Nintendo announced the dismissal of a 2010 lawsuit filed by Triton Tech of Texas over the Wii Remote.
Triton had alleged that the technology powering the Wii Remote infringed against its patent for a “computer apparatus input device for three-dimensional information.” The original case case, presided by Judge Richard A. Jones, dismissed Triton’s claims that the Nintendo Wii Remote infringed on Triton’s patents, and on June 13 that decision was affirmed by the Federal Appeals Court.
The lawsuit was originally overturned on grounds that Triton’s patent failed to fully describe a compete invention.

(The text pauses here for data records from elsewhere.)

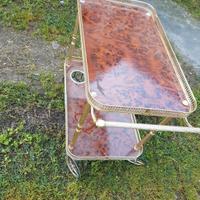 carrello bar vintage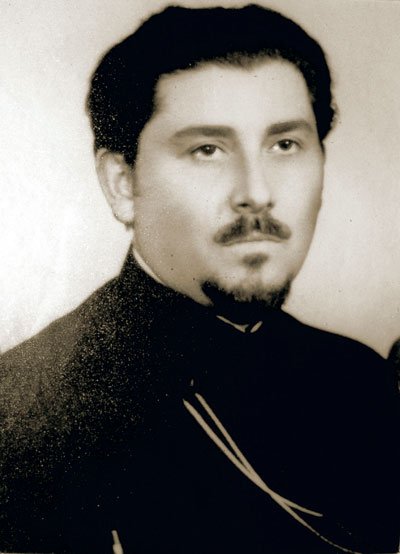 Memoria Bisericii în imagini: Părintele Dumitru Iliescu-Palanca mărturisitorul
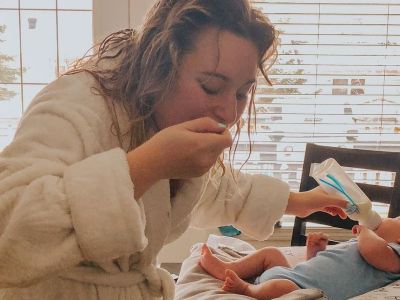 Το post αυτής της μαμάς θα αγγίξει πολλές γυναίκες με νεογέννητο στο σπίτι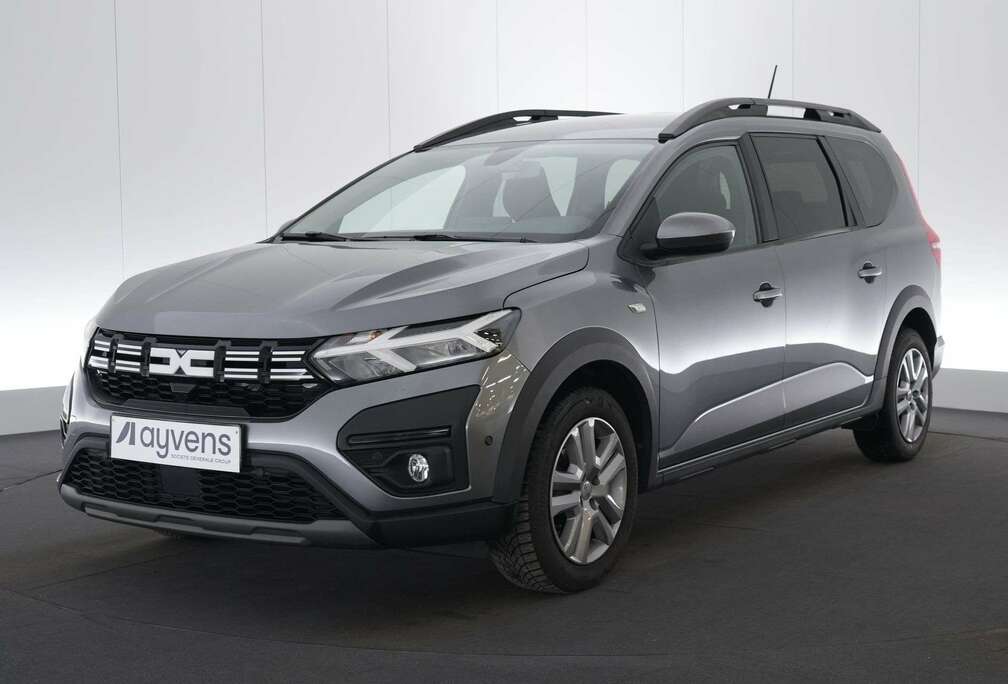 Dacia 1.0 TCe Expression GPS PDC CAM Carplay BLIS Trekha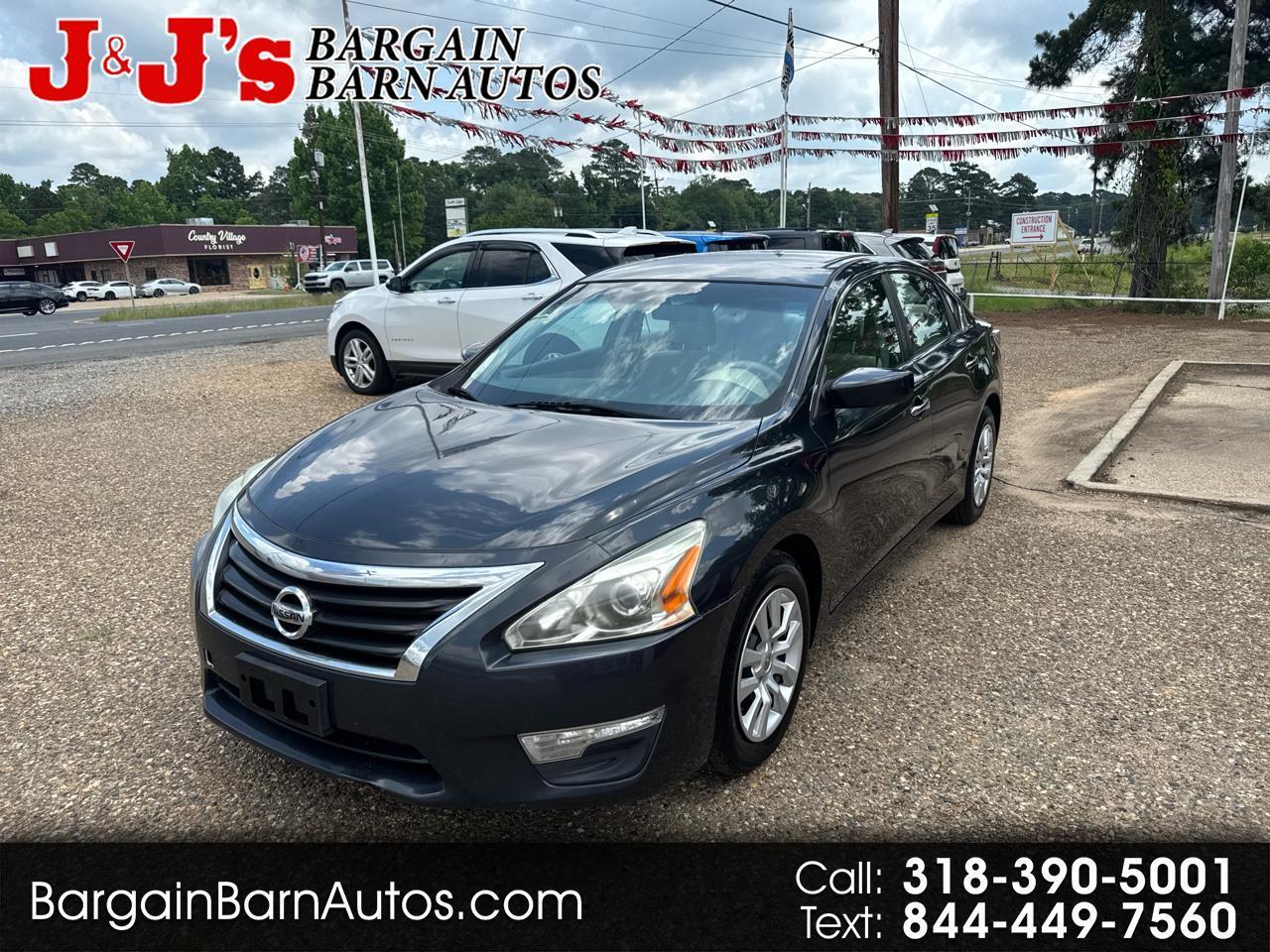 2014 Nissan Altima 2.5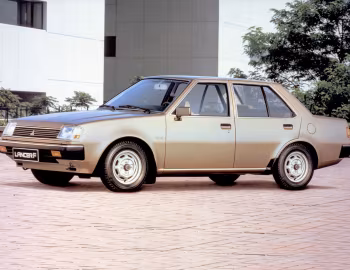 Mitsubishi Lancer Fiore (A155A/A156A) '02.1982–10.1983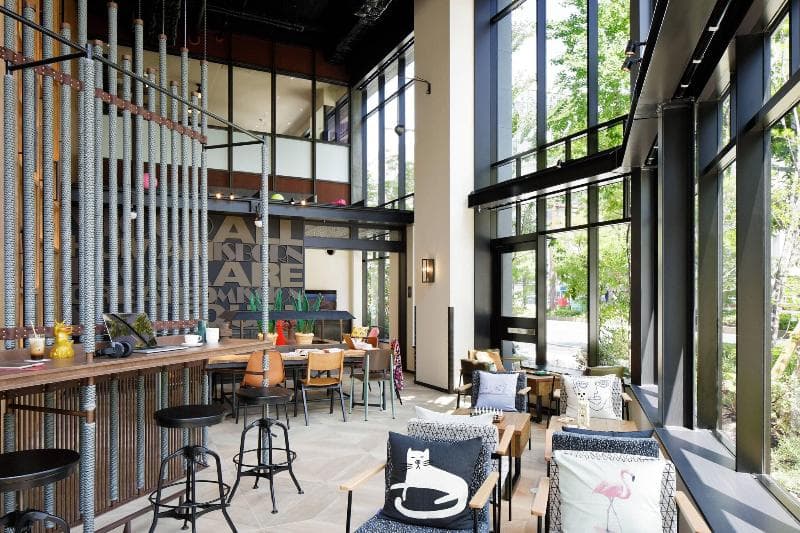 Moxy Osaka Shin Umeda 3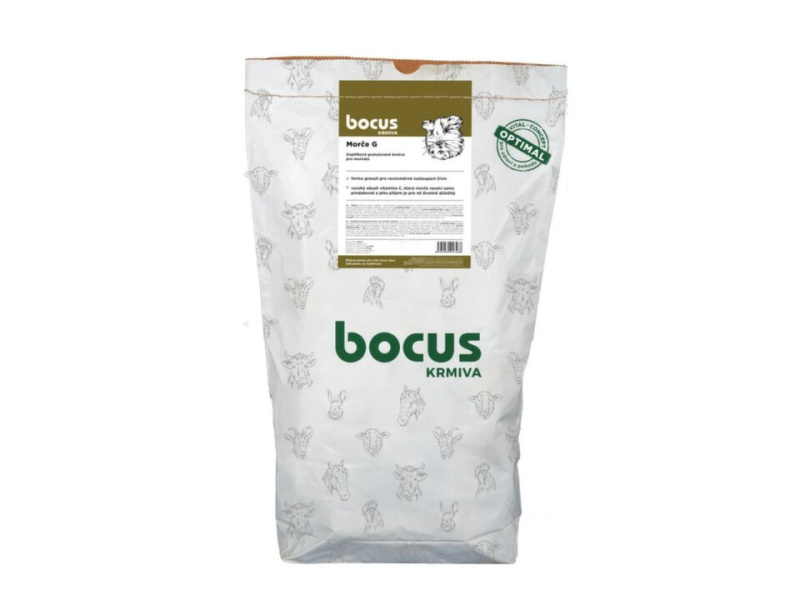 BOCUS Morče G  10kg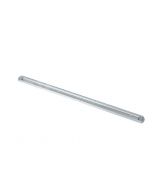 HCS - Aluminium ophangrail - 900 mm, Grijs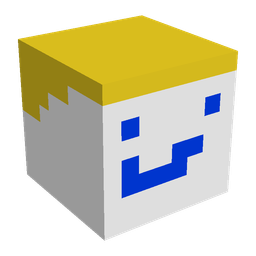Blue skin: head render
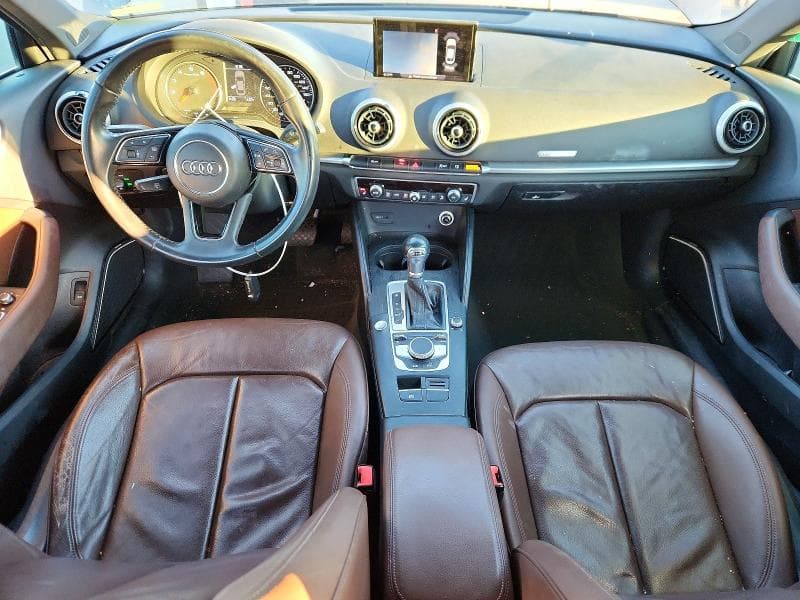 2017 AUDI A3 PREMIUM PLUS 8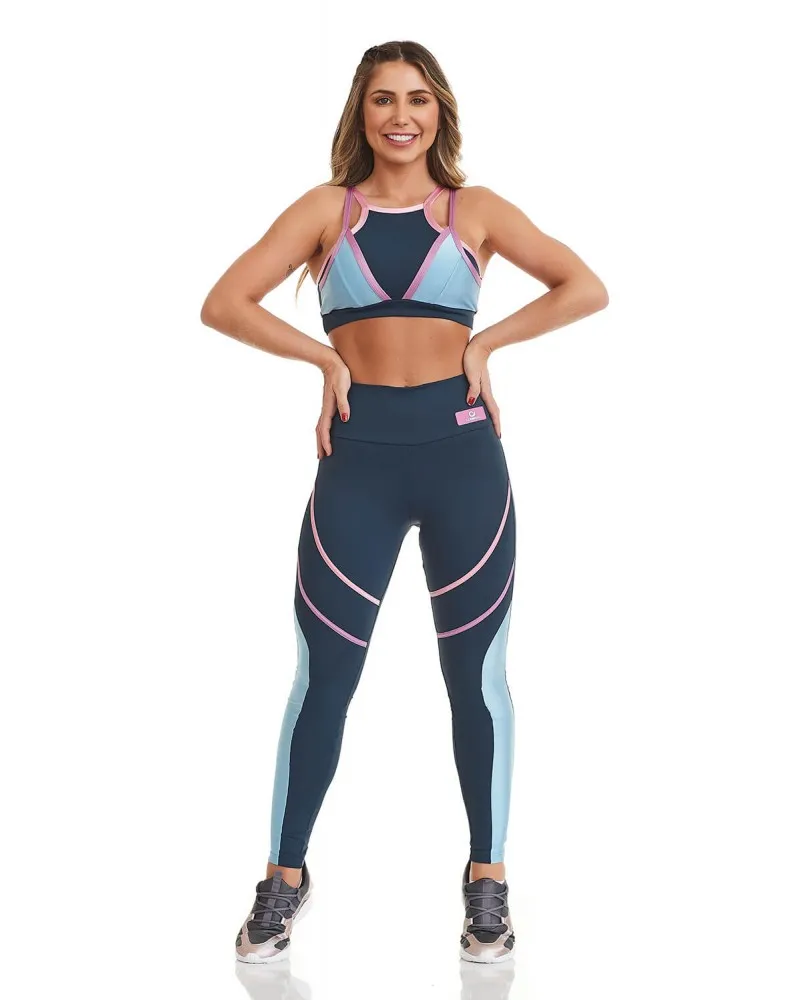 Brassière Fitness Energy - Cajubrasil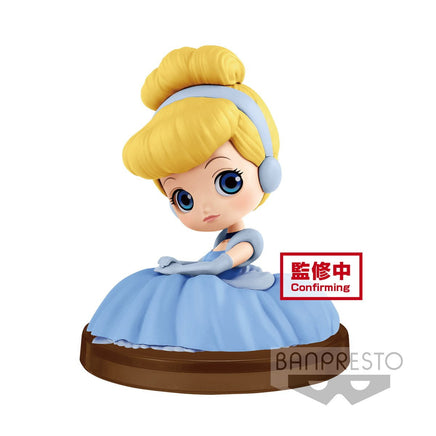 Banpresto: Disney Character Q Posket Petit - Cinderella (B) - The Mage's Emporium Shumi Toys & Gifts Shopify Collective Shumi Toys & Gifts Used English Q Posket Japanese Style Comic Book
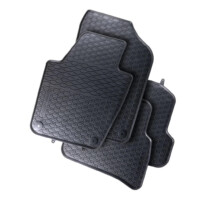 Covorase auto Skoda Fabia III, caroserie Hatchback, fabricatie 11.2014 – prezent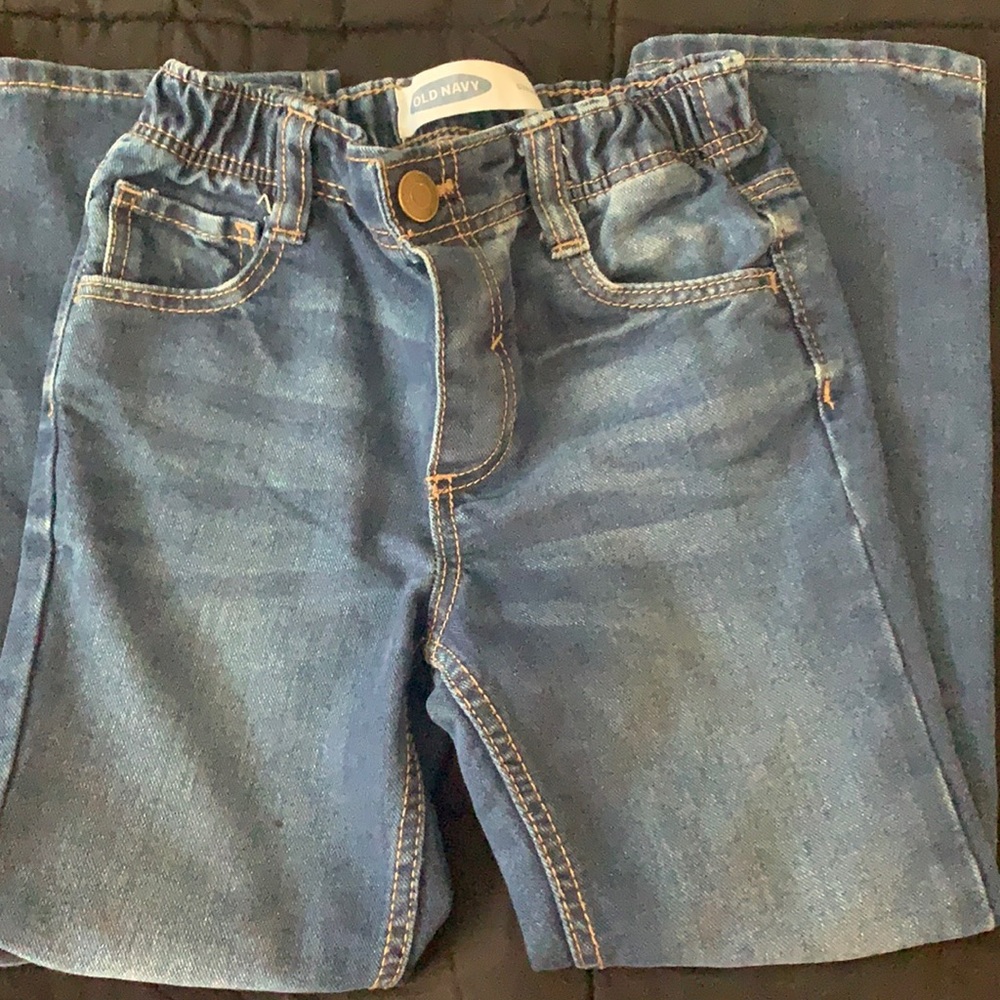 Old Navy Blue Jeans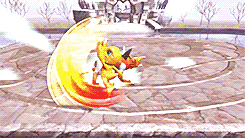 digi-egg:  Agumon, Shoutmon, Gabumon, and Dorulumon in Digimon All-Star Rumble. 
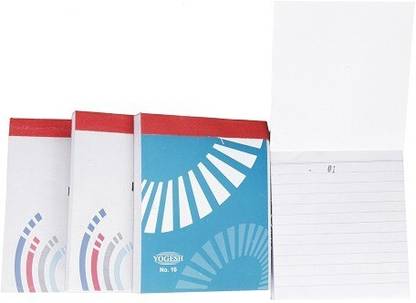 NOZOMI Bill book Mini Duplicate Books Single Line 1000 Pages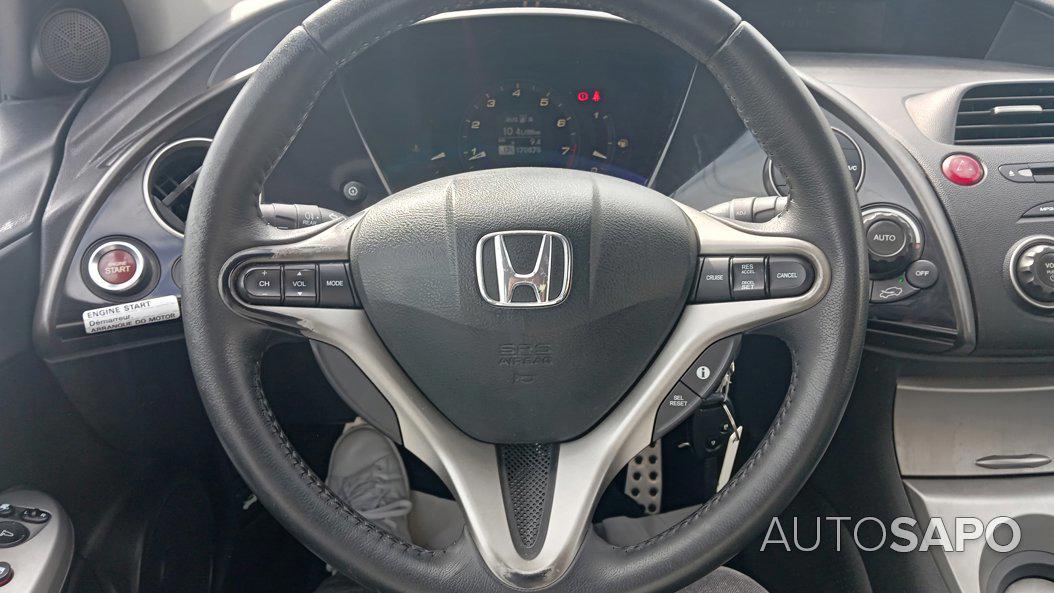 Honda Civic 1.8 i-VTEC Sport de 2008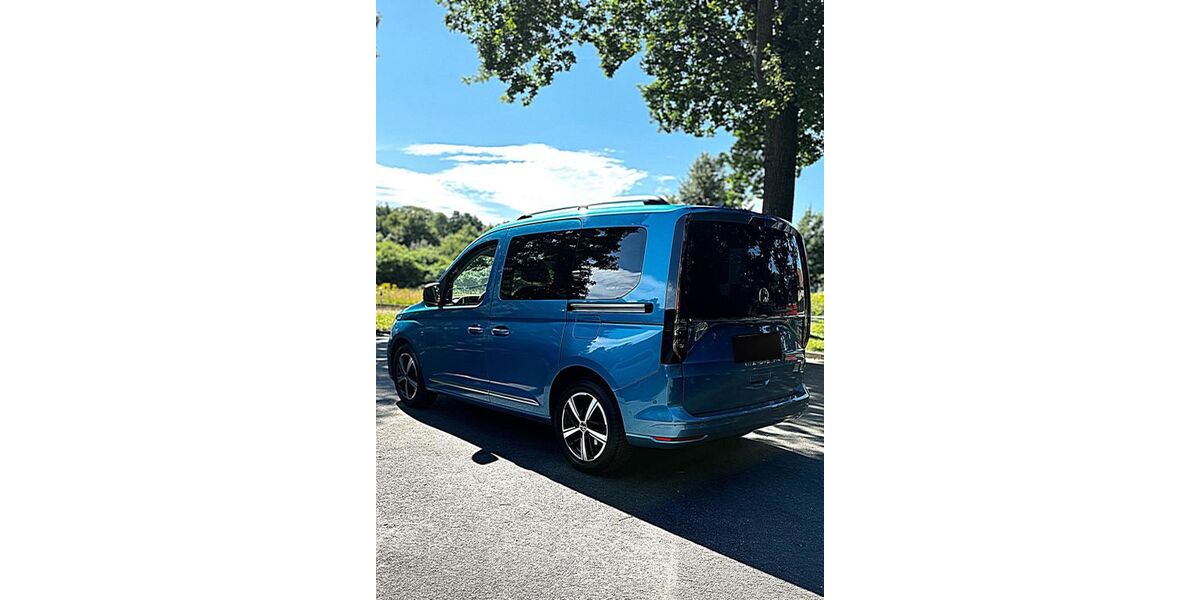VW Caddy 84.000 km 21.700 &euro; Moorrege 25436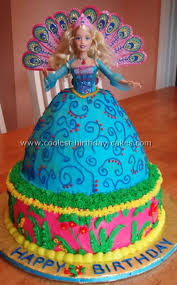 Kootek cake decorating kits supplies with cake turntable, 12 numbered cake decorating tips, 2 icing spatula, 3 icing smoother, 2 silicone piping bag free shipping on orders over $25 shipped by amazon. Coolest Barbie Skirt Cake Photos And Tips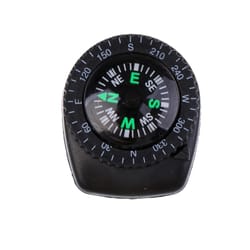 mini wrist compass watch band for hiking survival navigation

This suit is only the latest in a series of patent lawsuits that Nintendo has fought off in the last few years involving the motion-sensing technology of the Wii Remote, including recent cases by Koninklijke Phillips and Motiva that were both ruled in Nintendo’s favor.
Rick Flamm, Nintendo of America’s senior vice president of Legal & General Counsel, has previously commented on the rise of these patent lawsuits and referred to the opposing companies as “patent trolls.”
“We are very pleased with this result,” said Richard Medway, Nintendo of America’s deputy general counsel. “Nintendo has a long tradition of developing unique and innovative products, while respecting the intellectual property rights of others. Nintendo continues to aggressively defend itself against patent trolls. After many years of litigation, the decision today reflects an appropriate resolution of this case.”